**Information provided:**
◆ ◆ ◆ ◆ ◆

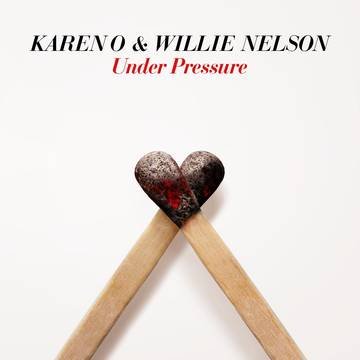 Karen O & Willie Nelson - Under Pressure (7") (RSD 2021) - 4050538661538 - 7" Singles - Yellow Racket Records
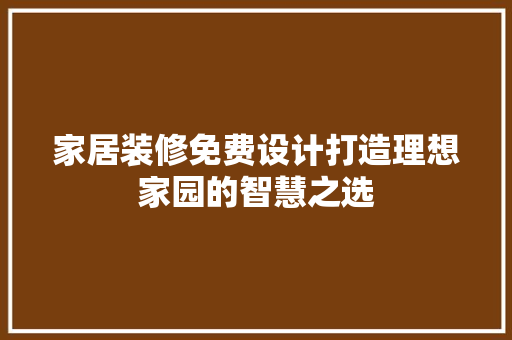 家居装修免费设计打造理想家园的智慧之选  第1张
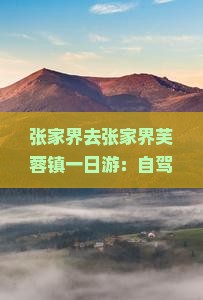 张家界去张家界芙蓉镇一日游：自驾、景区距离及交通方式详解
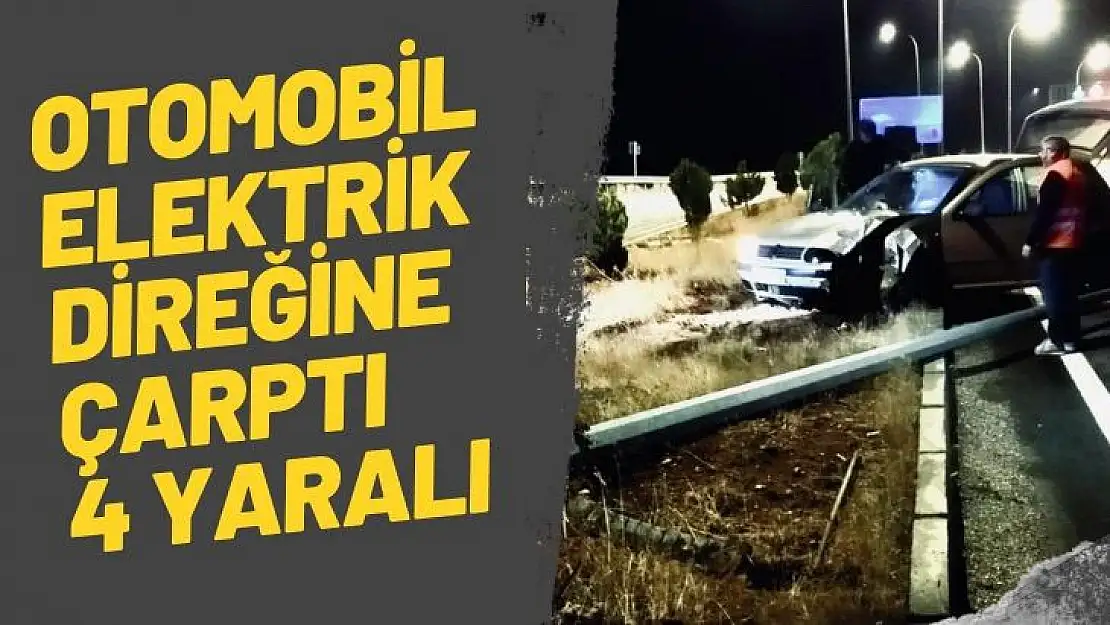 Otomobil elektrik direğine çarptı: 4 yaralı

◆ ◆ ◆ ◆ ◆

**Task goal:**
Give back all the data exactly, minus pictures.

**Problem solution:**
 Karen O & Willie Nelson - Under Pressure (7") (RSD 2021) - 4050538661538 - 7" Singles - Yellow Racket Records
 家居装修免费设计打造理想家园的智慧之选  第1张
 张家界去张家界芙蓉镇一日游：自驾、景区距离及交通方式详解
 Otomobil elektrik direğine çarptı: 4 yaralı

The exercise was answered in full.